**WORK REQUIRED**. From the entries that follow, copy exactly the lines beginning at the line holding "HOLLEY MAIN JETS, 2" and continuing through the line holding "Faze Rugs House location".

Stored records
#####

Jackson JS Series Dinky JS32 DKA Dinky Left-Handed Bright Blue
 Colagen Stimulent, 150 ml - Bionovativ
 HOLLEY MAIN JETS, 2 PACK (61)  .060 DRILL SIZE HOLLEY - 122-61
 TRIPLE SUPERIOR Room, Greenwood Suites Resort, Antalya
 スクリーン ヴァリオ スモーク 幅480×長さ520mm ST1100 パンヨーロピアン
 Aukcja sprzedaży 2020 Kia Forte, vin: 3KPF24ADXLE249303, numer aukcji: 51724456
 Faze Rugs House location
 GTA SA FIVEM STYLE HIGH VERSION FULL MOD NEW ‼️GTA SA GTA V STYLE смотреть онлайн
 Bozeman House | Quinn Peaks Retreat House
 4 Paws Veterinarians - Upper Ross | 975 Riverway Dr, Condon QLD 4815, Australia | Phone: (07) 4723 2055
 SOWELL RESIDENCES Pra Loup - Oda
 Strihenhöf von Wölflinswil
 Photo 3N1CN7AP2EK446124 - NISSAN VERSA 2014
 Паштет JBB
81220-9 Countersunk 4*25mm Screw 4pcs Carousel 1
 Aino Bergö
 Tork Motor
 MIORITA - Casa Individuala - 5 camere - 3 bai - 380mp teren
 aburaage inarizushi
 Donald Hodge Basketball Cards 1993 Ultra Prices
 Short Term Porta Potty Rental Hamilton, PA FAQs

#####

**EXERCISE OUTPUT**.
 HOLLEY MAIN JETS, 2 PACK (61)  .060 DRILL SIZE HOLLEY - 122-61
 TRIPLE SUPERIOR Room, Greenwood Suites Resort, Antalya
 スクリーン ヴァリオ スモーク 幅480×長さ520mm ST1100 パンヨーロピアン
 Aukcja sprzedaży 2020 Kia Forte, vin: 3KPF24ADXLE249303, numer aukcji: 51724456
 Faze Rugs House location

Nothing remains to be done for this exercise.